**PROBLEM DESCRIPTION:**
Where an entry contains a picture, skip the picture and write out everything else exactly.

**DATA TO USE:**
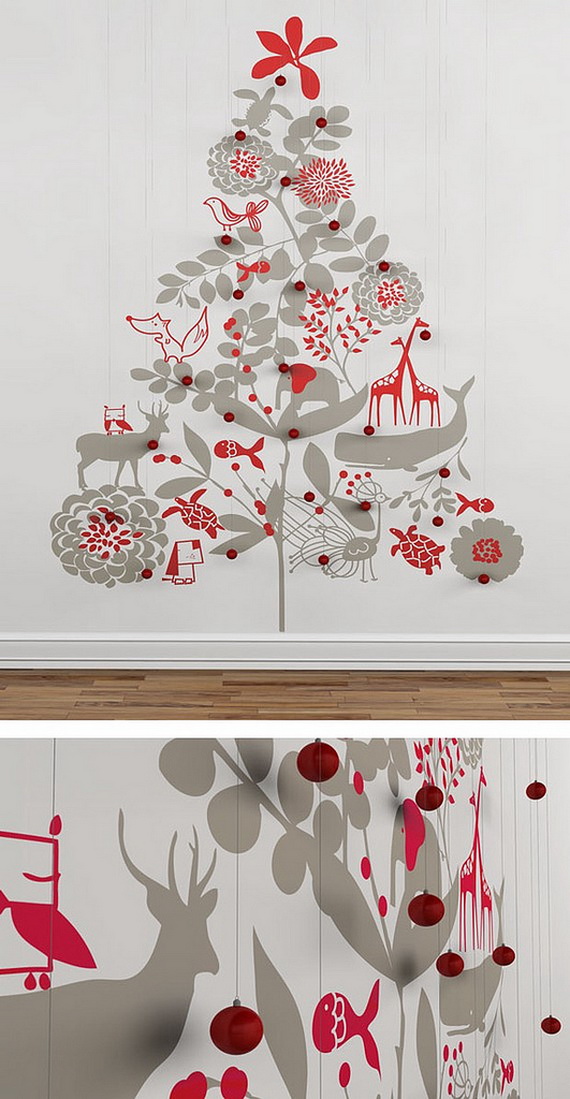 Christmas Wall Decorating Ideas for Kids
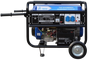 Бензиновый генератор ТСС SGG 5000 EH - фото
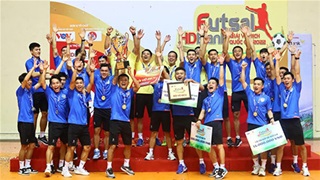 Giải Futsal VĐQG 2022: Sahako vô địch, Cao Bằng xuống hạng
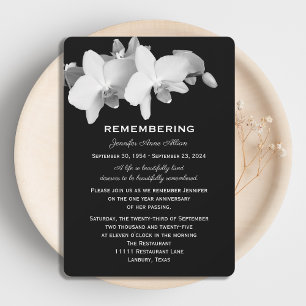 Invitación al Aniversario de la Muerte de la Orquí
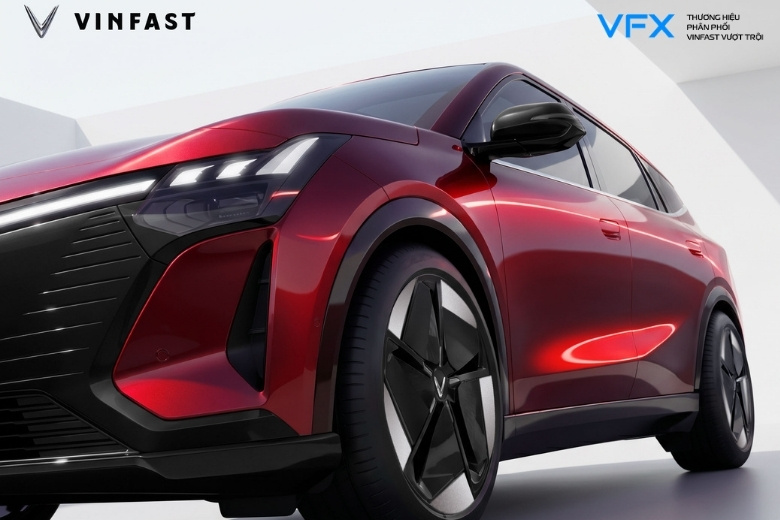 VinFast VF 8 Thế hệ mới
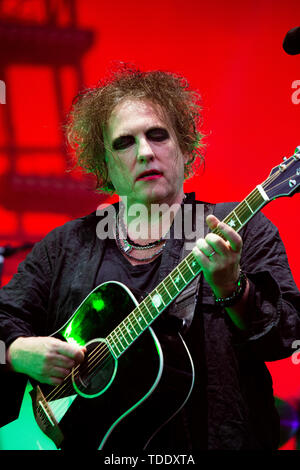 Landgraaf, Niederlande, 10. Juni 2019 Die Heilung Live at Pinkpop Festival 2019 © Roberto Finizio / Alamy durchführen Stockfoto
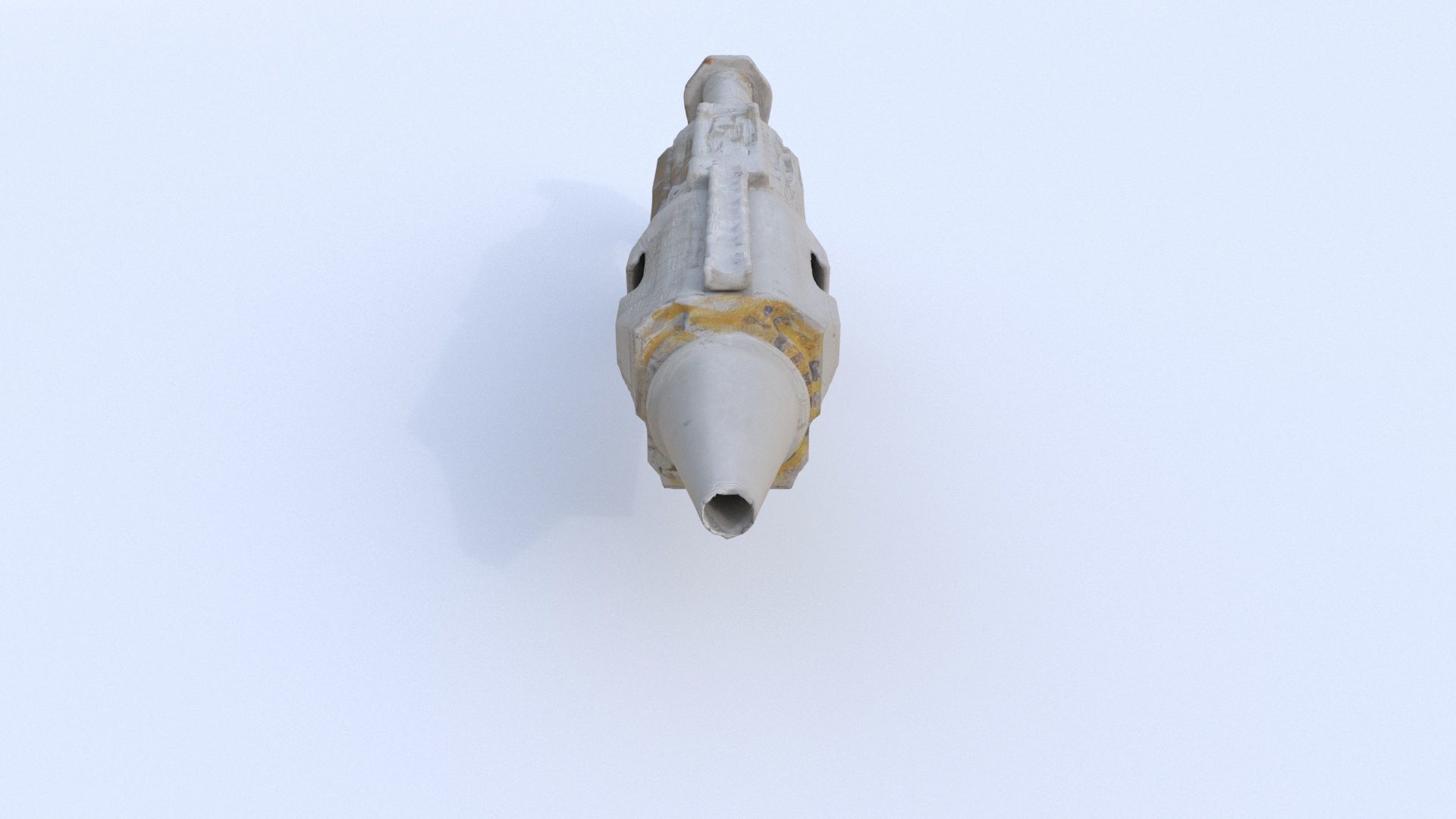 Gravity Manipulator Gun 3D model_2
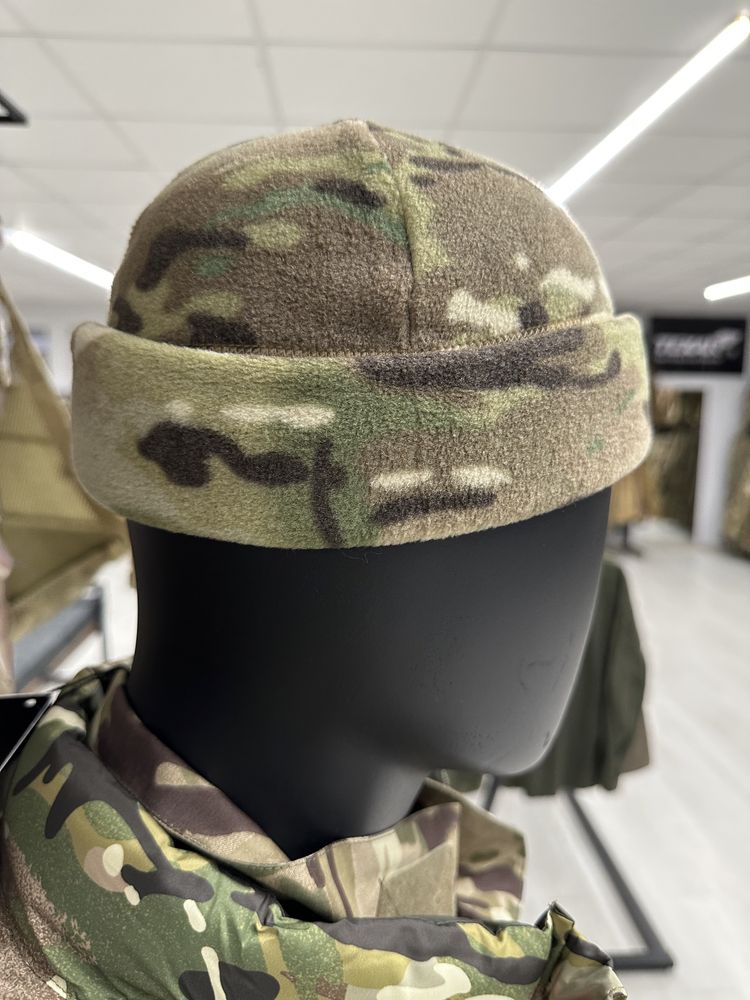 Флісова шапка Helikon-Tex® Watch Cap Camogrom One size мультикам Е ОПТ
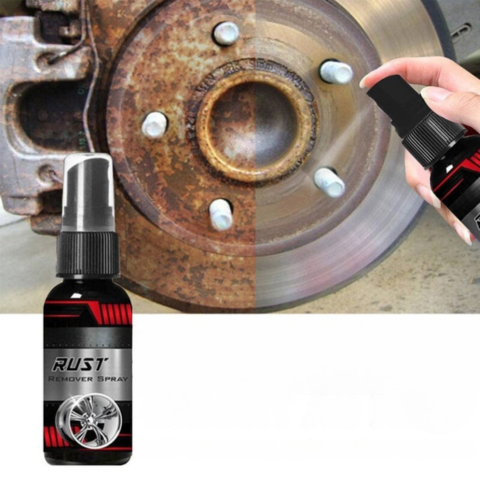 Spray Antirouille Pour Voiture – Éclat Et Brillance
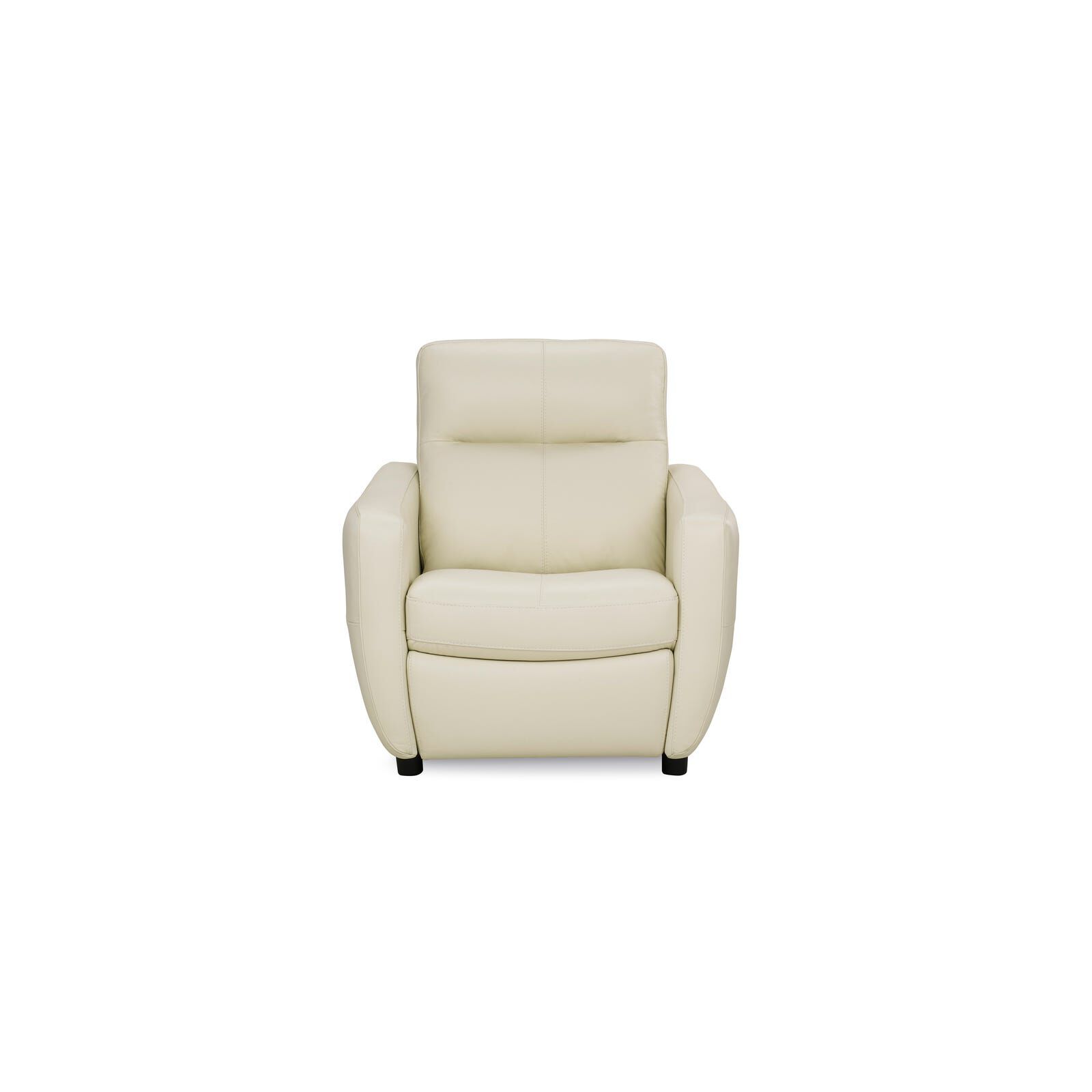 SOFA OUTLE 1r Seater (fl10-e) Mto Full Leather Recliner Sofa GLINDA-image 4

**RESULT FOR THIS EXERCISE:**
 Christmas Wall Decorating Ideas for Kids
 Бензиновый генератор ТСС SGG 5000 EH - фото
 Giải Futsal VĐQG 2022: Sahako vô địch, Cao Bằng xuống hạng
 Invitación al Aniversario de la Muerte de la Orquí
 VinFast VF 8 Thế hệ mới
 Landgraaf, Niederlande, 10. Juni 2019 Die Heilung Live at Pinkpop Festival 2019 © Roberto Finizio / Alamy durchführen Stockfoto
 Gravity Manipulator Gun 3D model_2
 Флісова шапка Helikon-Tex® Watch Cap Camogrom One size мультикам Е ОПТ
 Spray Antirouille Pour Voiture – Éclat Et Brillance
 SOFA OUTLE 1r Seater (fl10-e) Mto Full Leather Recliner Sofa GLINDA-image 4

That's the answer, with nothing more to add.